- [DATA FOR REVIEW]
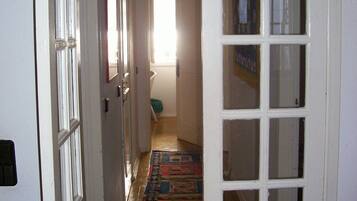 House, 3 Bedrooms | Property entrance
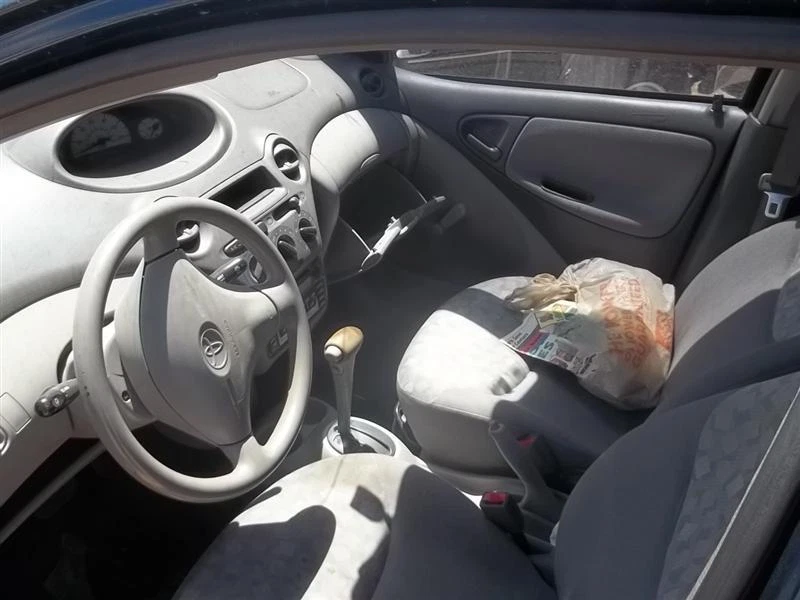 Pinza de freno de disco delantera izquierda usada se adapta a: Toyota Echo 2002 grado delantero izquierdo Foto 4 de 4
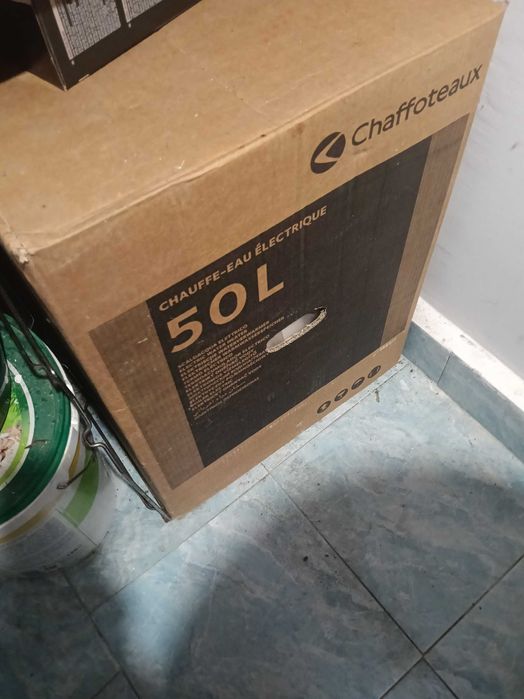 Vând boiler electric nou 50 l 1200 W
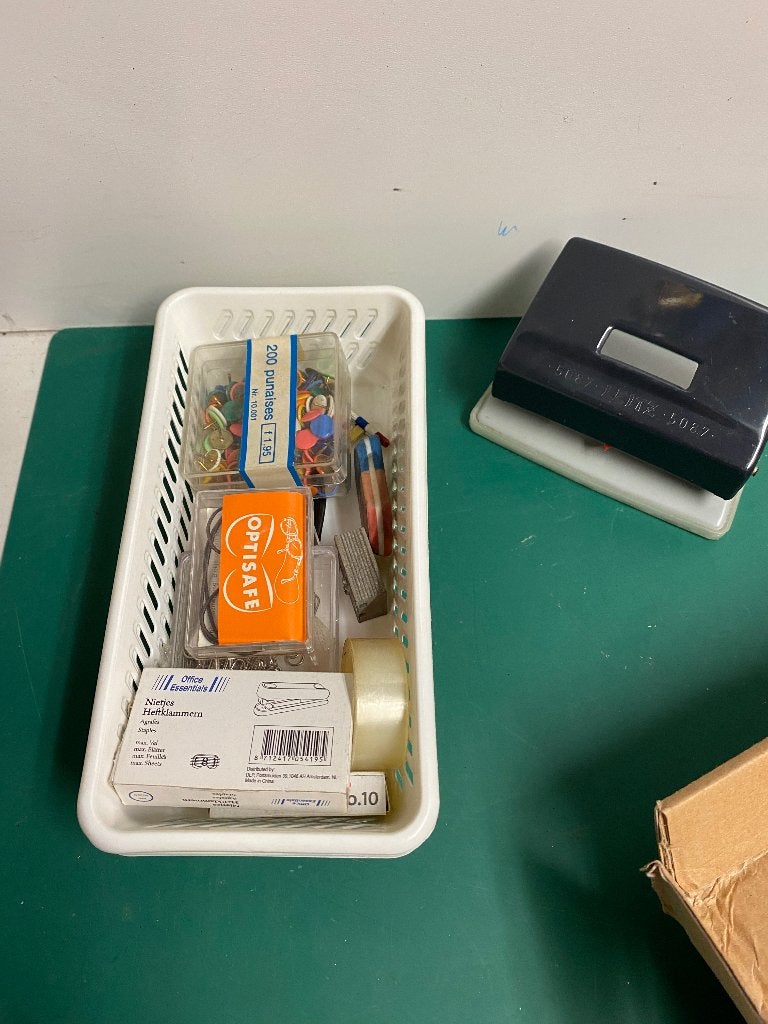 Knutselmateriaal en kantoorbenodigdheden set, Ophalen of Verzenden, Zo goed als nieuw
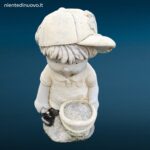 statua in terracotta da giardino raffigurante un tenero bimbo inginocchiato con secchiello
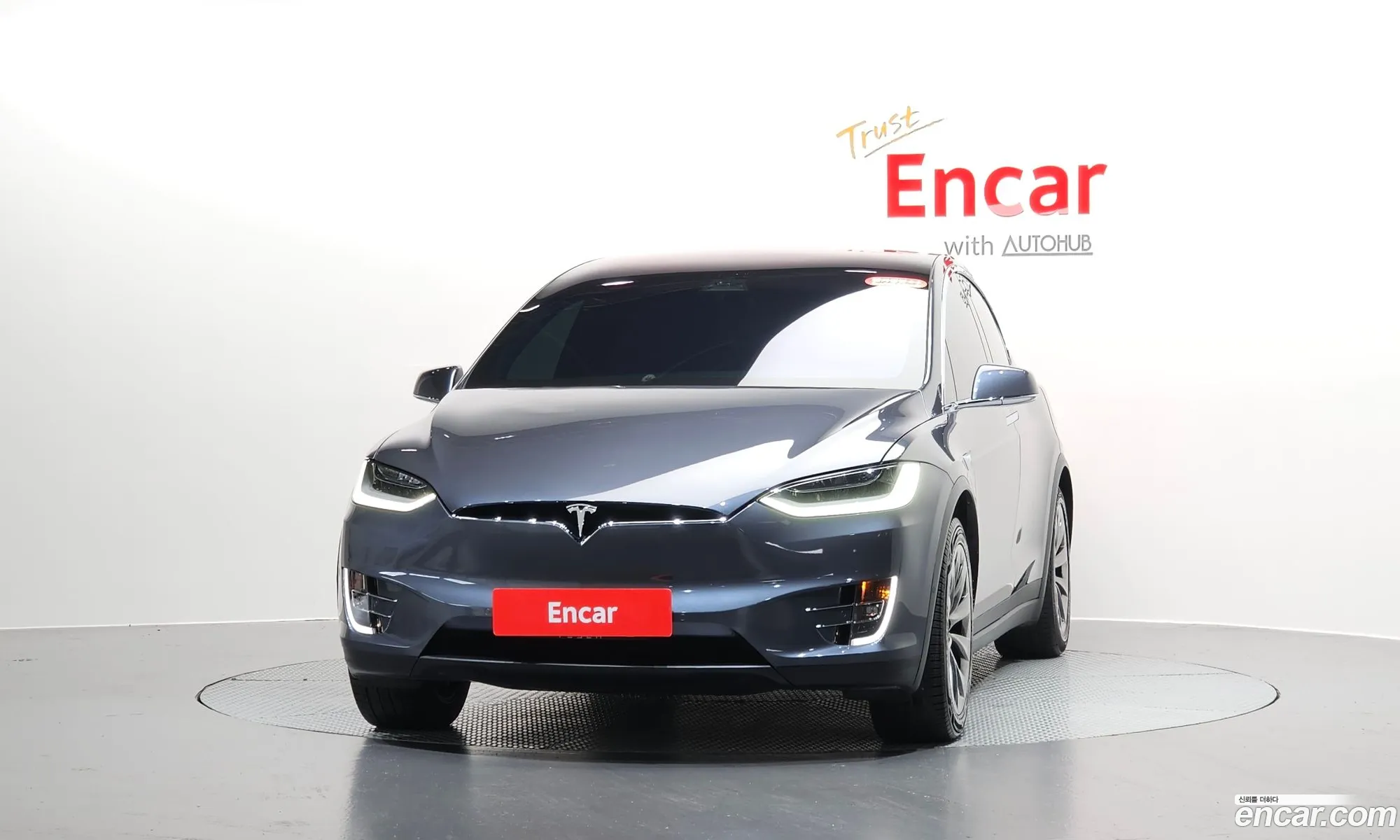 Tesla Model X 2020 — 14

- [ACTION ITEM]
Reproduce every line above as written, skipping pictures.

- [WRITTEN SOLUTION]
 House, 3 Bedrooms | Property entrance
 Pinza de freno de disco delantera izquierda usada se adapta a: Toyota Echo 2002 grado delantero izquierdo Foto 4 de 4
 Vând boiler electric nou 50 l 1200 W
 Knutselmateriaal en kantoorbenodigdheden set, Ophalen of Verzenden, Zo goed als nieuw
 statua in terracotta da giardino raffigurante un tenero bimbo inginocchiato con secchiello
 Tesla Model X 2020 — 14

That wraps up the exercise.